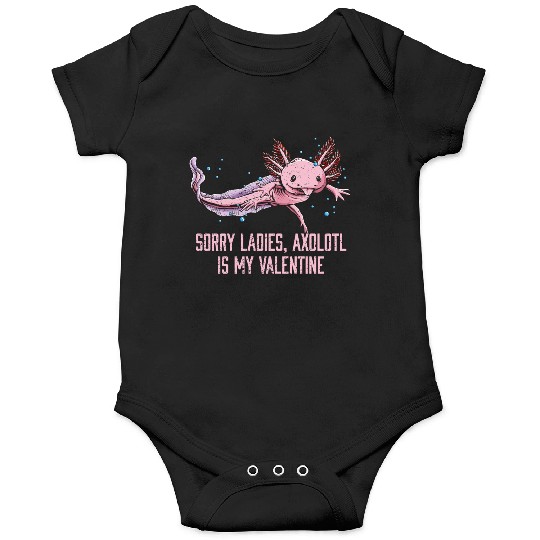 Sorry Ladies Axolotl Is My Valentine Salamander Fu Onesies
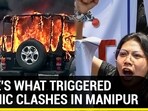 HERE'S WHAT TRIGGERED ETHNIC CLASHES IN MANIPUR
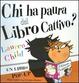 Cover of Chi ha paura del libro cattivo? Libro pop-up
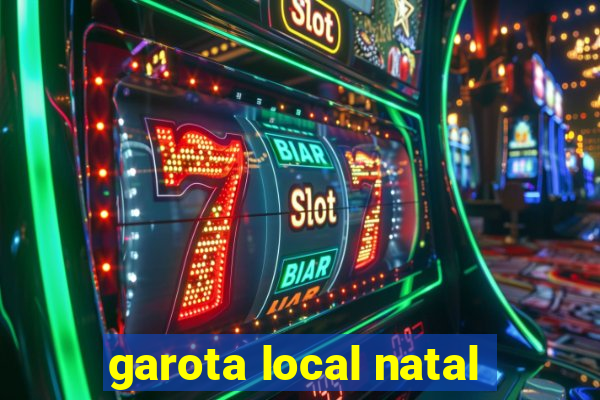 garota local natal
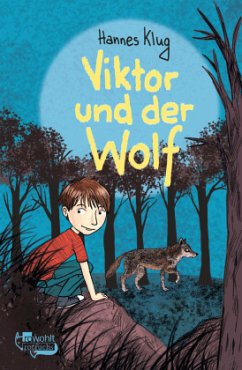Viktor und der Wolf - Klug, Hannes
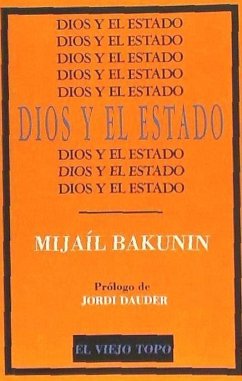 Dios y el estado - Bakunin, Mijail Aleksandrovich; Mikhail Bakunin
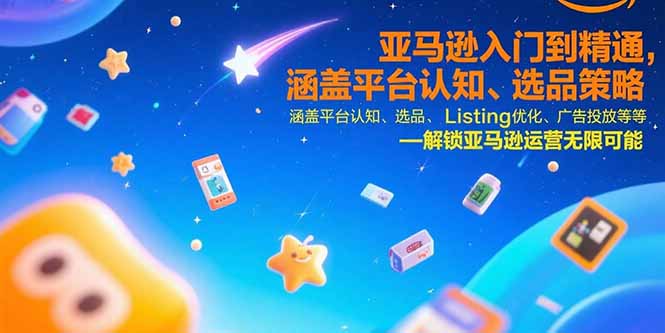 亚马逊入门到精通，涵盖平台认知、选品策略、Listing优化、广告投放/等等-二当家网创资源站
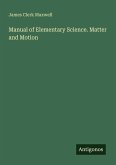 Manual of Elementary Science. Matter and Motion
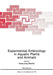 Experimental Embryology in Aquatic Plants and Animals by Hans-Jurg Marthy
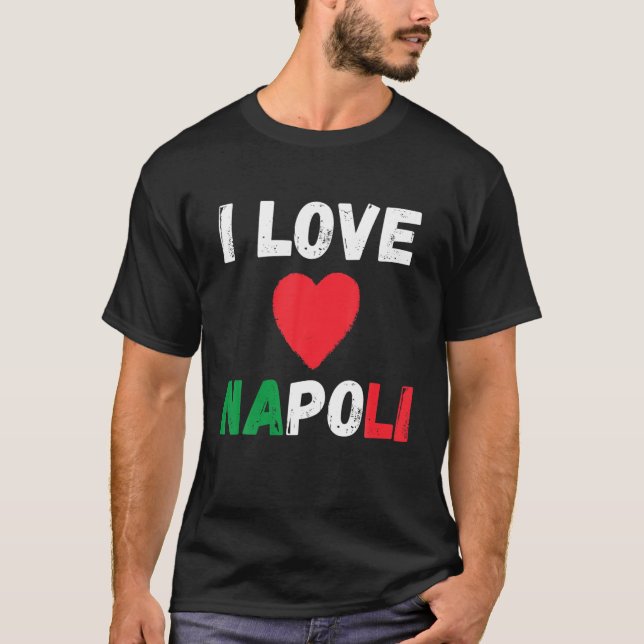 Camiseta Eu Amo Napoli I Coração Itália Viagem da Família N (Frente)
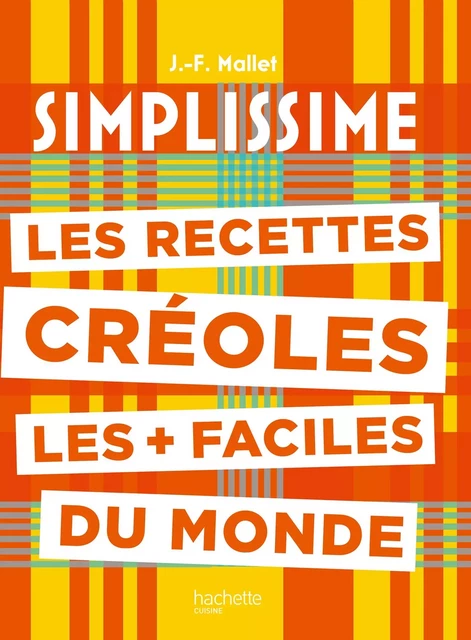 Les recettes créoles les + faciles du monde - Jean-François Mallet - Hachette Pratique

Your goal:
Return nothing except the lines from the one containing "Dios y el estado" through the final line of the data, copied exactly. Leave out all pictures.

Task response:
 Dios y el estado - Bakunin, Mijail Aleksandrovich; Mikhail Bakunin
 亚马逊入门到精通，涵盖平台认知、选品策略、Listing优化、广告投放/等等-二当家网创资源站
 Manual of Elementary Science. Matter and Motion
 Experimental Embryology in Aquatic Plants and Animals by Hans-Jurg Marthy
 Camiseta Eu Amo Napoli I Coração Itália Viagem da Família N (Frente)
 Les recettes créoles les + faciles du monde - Jean-François Mallet - Hachette Pratique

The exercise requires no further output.